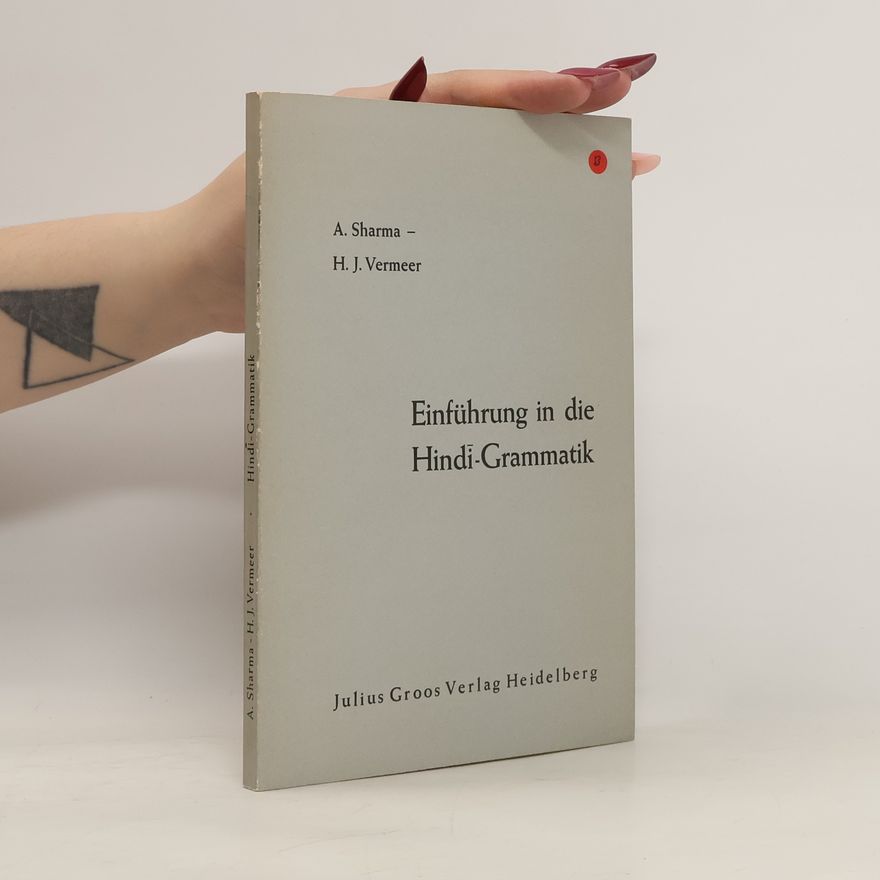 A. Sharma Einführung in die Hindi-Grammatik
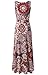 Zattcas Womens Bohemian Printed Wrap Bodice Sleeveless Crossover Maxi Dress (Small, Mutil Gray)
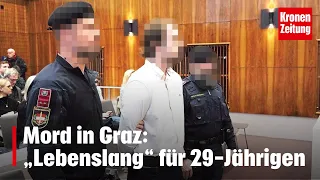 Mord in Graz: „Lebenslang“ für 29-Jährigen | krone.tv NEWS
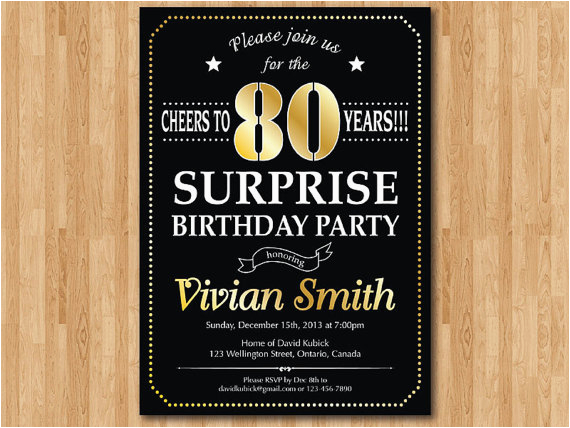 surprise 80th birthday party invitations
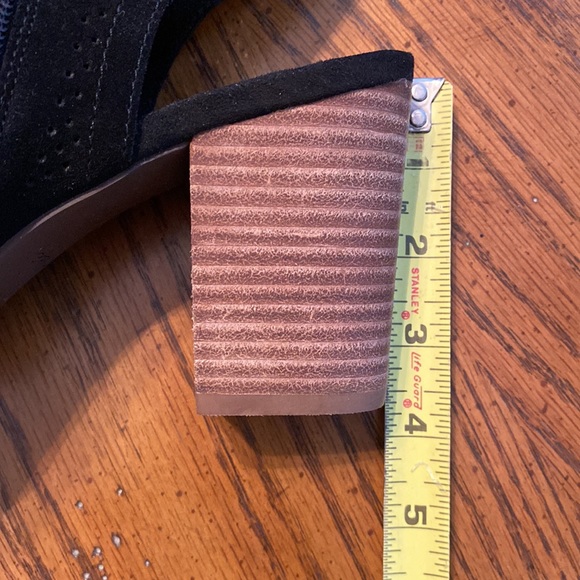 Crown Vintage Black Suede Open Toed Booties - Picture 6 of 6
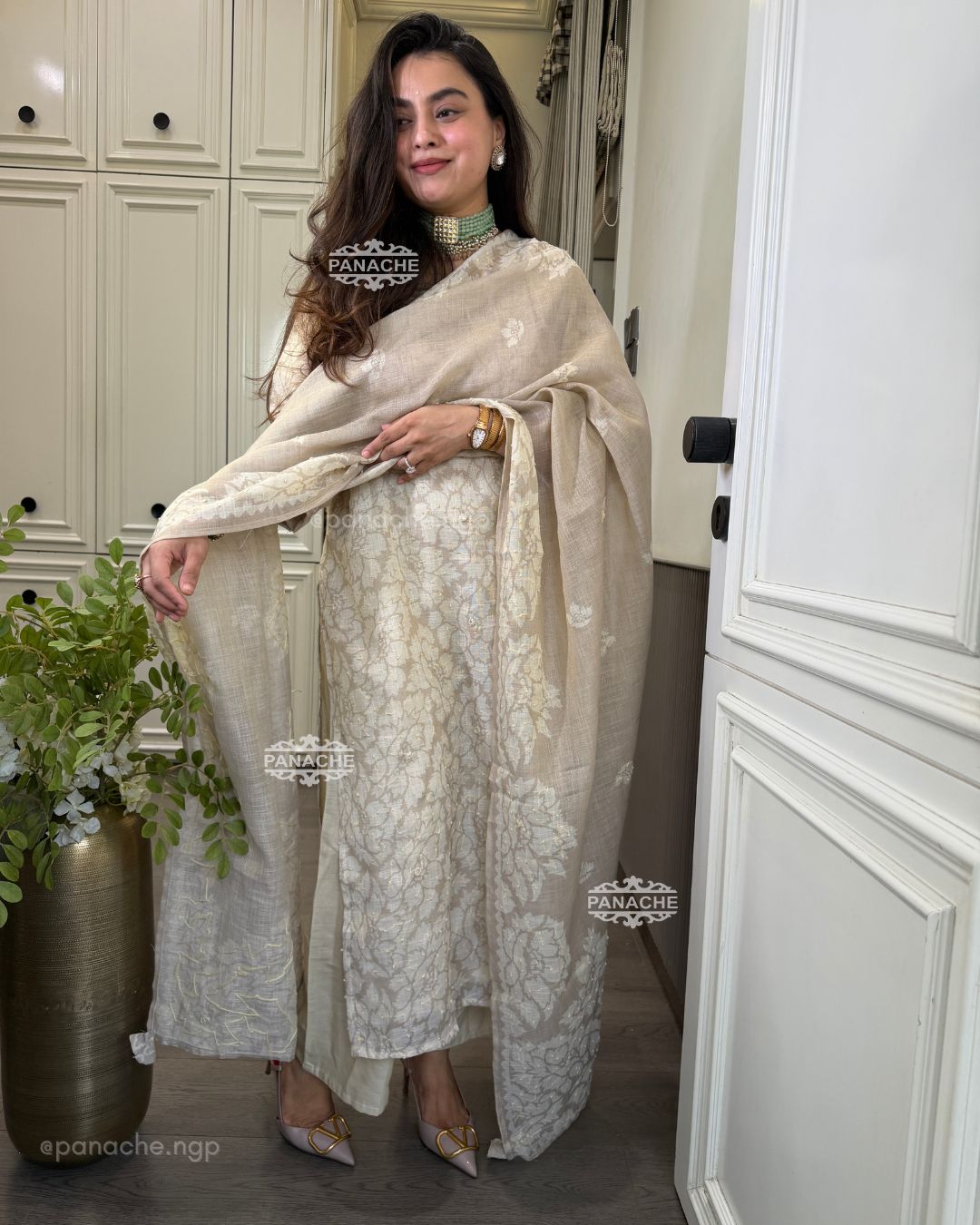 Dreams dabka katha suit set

***

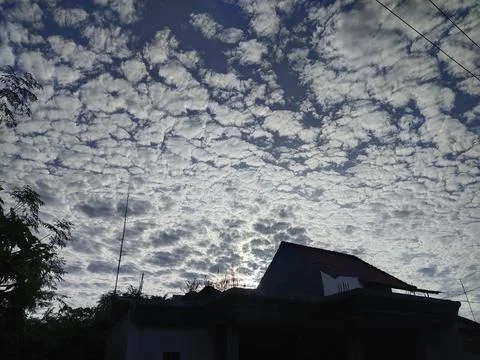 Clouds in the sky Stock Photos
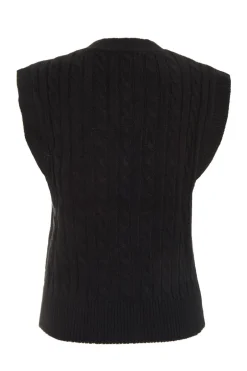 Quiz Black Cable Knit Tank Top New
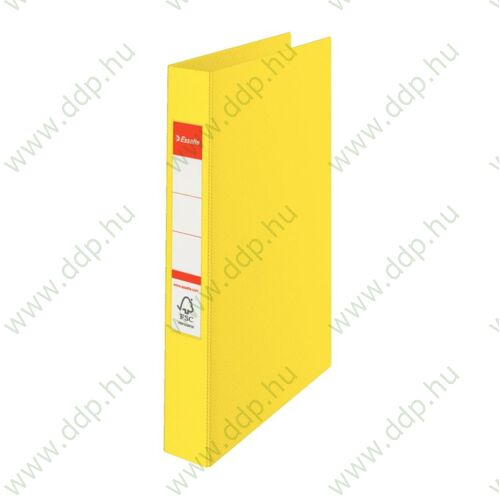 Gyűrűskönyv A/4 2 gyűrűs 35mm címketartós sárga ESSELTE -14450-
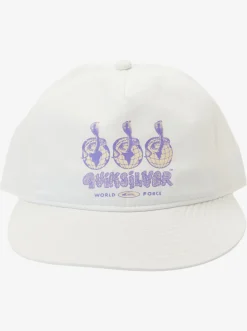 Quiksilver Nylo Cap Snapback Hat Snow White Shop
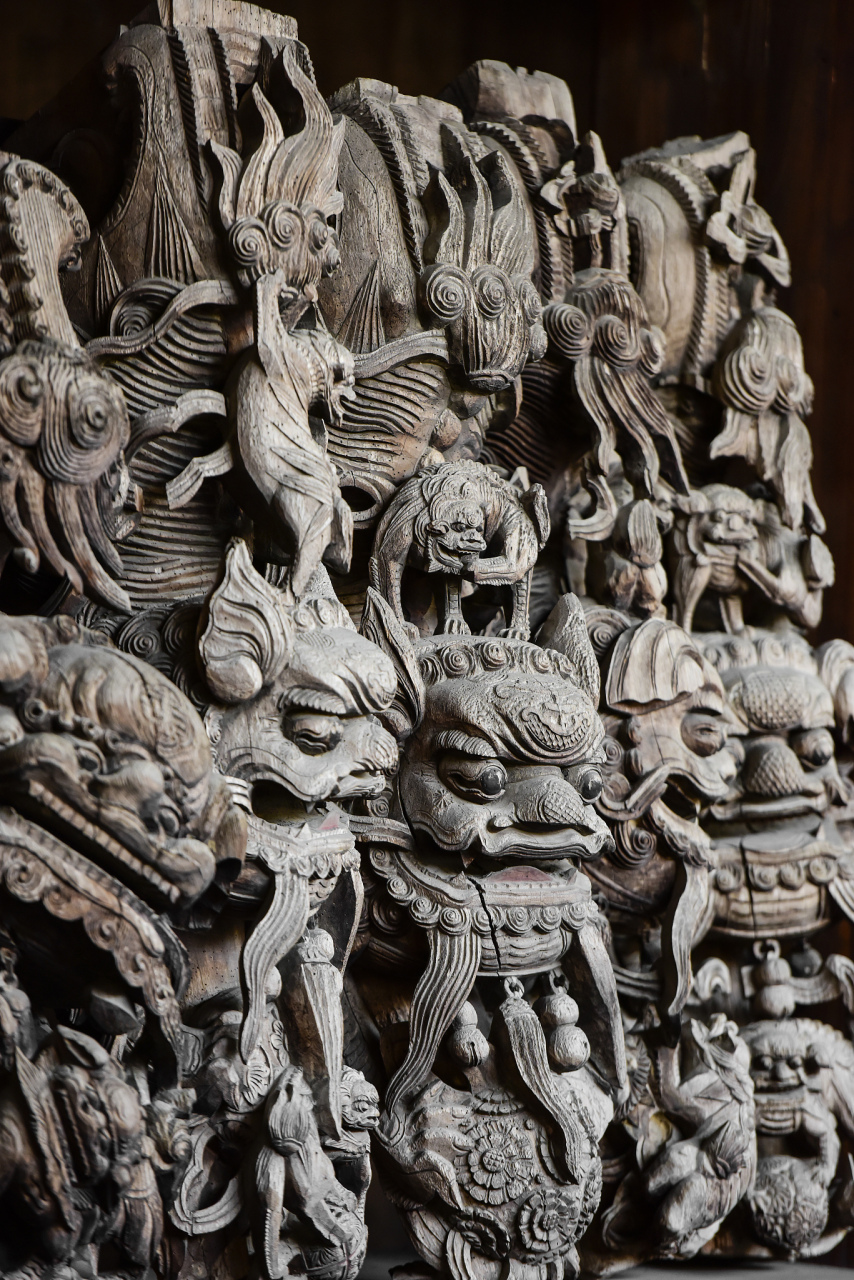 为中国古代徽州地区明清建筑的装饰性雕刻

***

Taking the entries above, extract every line from the one bearing "Gyűrűskönyv A/4 2" through the one bearing "为中国古代徽州地区明清建筑的装饰性雕刻", exactly, with no pictures.

The completed task:
 Gyűrűskönyv A/4 2 gyűrűs 35mm címketartós sárga ESSELTE -14450-
 Quiksilver Nylo Cap Snapback Hat Snow White Shop
 为中国古代徽州地区明清建筑的装饰性雕刻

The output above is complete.